Work instruction —
Only the lines from the one containing "COMOBOCA Beige 100%" through the end of the data below should be copied, each exactly as written and with both ends kept.

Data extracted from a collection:
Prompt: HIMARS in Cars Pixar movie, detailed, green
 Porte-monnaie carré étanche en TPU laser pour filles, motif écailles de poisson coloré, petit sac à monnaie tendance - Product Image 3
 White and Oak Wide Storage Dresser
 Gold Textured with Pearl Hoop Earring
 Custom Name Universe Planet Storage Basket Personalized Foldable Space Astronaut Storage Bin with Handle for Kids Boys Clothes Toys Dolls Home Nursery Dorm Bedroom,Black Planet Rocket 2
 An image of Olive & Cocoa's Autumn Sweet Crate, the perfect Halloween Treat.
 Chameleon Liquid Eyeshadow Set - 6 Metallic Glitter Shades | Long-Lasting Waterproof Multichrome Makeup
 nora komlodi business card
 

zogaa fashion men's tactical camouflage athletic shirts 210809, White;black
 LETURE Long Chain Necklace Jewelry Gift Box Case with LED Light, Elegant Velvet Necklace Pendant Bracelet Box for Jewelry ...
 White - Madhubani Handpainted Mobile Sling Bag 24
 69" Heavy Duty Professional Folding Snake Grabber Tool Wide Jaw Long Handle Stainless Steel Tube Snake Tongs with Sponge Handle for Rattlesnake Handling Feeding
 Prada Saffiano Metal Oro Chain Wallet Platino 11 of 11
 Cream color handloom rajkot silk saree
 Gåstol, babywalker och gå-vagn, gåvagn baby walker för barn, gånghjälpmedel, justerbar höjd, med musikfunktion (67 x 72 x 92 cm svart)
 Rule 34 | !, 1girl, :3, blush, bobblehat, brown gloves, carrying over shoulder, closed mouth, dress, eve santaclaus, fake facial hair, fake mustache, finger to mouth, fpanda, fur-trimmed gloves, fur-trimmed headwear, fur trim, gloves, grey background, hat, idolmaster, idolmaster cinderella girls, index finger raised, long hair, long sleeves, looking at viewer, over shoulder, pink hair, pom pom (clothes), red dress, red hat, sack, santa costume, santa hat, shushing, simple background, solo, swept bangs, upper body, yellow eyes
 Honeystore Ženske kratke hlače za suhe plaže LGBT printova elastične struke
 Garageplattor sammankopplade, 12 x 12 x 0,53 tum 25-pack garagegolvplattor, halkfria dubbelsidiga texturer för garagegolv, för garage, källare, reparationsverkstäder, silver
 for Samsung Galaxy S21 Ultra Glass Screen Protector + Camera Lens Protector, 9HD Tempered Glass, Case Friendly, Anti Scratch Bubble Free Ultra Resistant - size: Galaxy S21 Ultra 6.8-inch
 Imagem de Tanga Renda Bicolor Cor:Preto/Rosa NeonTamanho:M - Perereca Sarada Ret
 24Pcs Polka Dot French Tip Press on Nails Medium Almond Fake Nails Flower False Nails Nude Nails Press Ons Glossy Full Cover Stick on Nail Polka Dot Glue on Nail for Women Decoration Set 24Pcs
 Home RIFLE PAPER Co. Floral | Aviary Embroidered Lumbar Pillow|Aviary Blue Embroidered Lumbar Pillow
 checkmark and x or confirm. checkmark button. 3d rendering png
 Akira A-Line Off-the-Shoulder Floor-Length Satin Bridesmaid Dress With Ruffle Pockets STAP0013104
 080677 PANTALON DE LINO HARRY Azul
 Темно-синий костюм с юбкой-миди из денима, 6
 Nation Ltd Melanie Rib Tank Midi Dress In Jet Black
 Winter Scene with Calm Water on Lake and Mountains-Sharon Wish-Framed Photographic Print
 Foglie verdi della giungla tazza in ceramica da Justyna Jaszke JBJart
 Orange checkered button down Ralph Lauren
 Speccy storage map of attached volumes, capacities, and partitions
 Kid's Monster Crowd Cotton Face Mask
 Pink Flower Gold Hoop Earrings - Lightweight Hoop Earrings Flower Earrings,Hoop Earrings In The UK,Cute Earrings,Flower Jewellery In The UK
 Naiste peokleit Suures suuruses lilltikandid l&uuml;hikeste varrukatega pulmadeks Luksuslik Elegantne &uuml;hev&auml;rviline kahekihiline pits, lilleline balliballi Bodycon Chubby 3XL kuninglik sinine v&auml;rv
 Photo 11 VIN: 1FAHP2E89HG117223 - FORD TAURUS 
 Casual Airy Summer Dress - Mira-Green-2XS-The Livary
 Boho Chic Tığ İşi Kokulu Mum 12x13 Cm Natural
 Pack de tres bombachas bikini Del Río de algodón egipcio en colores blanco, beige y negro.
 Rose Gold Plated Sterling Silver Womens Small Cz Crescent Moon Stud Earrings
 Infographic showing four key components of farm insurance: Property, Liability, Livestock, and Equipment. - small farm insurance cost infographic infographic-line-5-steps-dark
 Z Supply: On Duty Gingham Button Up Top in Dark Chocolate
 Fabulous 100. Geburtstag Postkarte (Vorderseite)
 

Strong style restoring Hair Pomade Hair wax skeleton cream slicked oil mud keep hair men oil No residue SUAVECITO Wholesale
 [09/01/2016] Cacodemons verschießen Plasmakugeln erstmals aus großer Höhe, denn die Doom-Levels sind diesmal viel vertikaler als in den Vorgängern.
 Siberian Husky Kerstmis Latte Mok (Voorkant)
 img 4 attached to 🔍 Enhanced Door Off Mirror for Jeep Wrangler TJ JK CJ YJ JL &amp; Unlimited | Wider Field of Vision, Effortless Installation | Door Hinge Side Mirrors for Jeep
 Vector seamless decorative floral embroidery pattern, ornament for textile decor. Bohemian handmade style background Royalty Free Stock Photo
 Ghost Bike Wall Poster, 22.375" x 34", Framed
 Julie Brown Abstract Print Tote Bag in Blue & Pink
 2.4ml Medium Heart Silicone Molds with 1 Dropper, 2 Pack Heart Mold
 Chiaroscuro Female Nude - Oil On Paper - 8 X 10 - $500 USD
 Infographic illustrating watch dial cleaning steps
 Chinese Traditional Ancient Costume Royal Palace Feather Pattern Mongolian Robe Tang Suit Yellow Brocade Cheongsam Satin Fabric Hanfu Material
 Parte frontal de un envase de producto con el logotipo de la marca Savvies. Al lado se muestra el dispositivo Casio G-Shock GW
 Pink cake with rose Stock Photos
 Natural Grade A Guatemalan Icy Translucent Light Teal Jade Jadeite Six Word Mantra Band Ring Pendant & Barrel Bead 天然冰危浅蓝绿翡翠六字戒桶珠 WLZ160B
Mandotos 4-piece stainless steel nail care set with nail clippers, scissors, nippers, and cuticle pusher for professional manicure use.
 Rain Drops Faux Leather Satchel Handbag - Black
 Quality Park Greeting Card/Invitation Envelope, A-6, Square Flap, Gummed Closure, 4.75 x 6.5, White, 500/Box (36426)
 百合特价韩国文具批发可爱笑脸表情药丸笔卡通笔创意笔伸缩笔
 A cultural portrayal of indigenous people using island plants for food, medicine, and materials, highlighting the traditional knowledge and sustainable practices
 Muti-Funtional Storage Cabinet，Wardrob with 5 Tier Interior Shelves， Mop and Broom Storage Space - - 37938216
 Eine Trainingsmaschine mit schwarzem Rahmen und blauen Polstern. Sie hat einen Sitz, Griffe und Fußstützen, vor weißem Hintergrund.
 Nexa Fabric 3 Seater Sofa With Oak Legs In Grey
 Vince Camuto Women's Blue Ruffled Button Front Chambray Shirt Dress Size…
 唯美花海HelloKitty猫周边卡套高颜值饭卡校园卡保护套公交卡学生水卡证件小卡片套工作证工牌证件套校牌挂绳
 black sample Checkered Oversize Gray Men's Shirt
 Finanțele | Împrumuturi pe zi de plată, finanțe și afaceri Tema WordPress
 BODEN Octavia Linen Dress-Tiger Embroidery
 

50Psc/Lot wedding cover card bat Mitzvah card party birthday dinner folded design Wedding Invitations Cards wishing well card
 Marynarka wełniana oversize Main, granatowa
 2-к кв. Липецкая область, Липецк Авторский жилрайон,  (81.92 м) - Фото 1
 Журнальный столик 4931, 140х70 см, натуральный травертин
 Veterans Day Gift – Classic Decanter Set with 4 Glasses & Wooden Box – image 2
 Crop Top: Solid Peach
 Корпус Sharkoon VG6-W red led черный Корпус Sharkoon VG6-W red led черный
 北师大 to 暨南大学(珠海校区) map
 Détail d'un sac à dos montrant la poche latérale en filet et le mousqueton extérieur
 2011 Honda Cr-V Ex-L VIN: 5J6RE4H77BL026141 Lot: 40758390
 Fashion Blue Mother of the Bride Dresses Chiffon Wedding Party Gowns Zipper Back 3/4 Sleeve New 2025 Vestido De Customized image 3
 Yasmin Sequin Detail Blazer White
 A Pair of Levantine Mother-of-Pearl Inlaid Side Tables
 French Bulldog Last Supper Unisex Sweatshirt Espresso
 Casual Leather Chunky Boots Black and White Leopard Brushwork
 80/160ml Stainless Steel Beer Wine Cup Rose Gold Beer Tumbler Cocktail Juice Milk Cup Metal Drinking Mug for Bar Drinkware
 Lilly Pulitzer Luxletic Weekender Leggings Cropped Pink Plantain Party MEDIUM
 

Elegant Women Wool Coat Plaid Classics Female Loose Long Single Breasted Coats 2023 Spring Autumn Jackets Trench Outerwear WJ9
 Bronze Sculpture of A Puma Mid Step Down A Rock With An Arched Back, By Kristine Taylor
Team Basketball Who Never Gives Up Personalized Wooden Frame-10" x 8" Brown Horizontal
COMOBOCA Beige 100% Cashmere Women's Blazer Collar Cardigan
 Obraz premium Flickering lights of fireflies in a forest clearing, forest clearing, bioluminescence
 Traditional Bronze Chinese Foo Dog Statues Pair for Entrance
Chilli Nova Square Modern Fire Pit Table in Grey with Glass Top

Exercise result —
COMOBOCA Beige 100% Cashmere Women's Blazer Collar Cardigan
 Obraz premium Flickering lights of fireflies in a forest clearing, forest clearing, bioluminescence
 Traditional Bronze Chinese Foo Dog Statues Pair for Entrance
Chilli Nova Square Modern Fire Pit Table in Grey with Glass Top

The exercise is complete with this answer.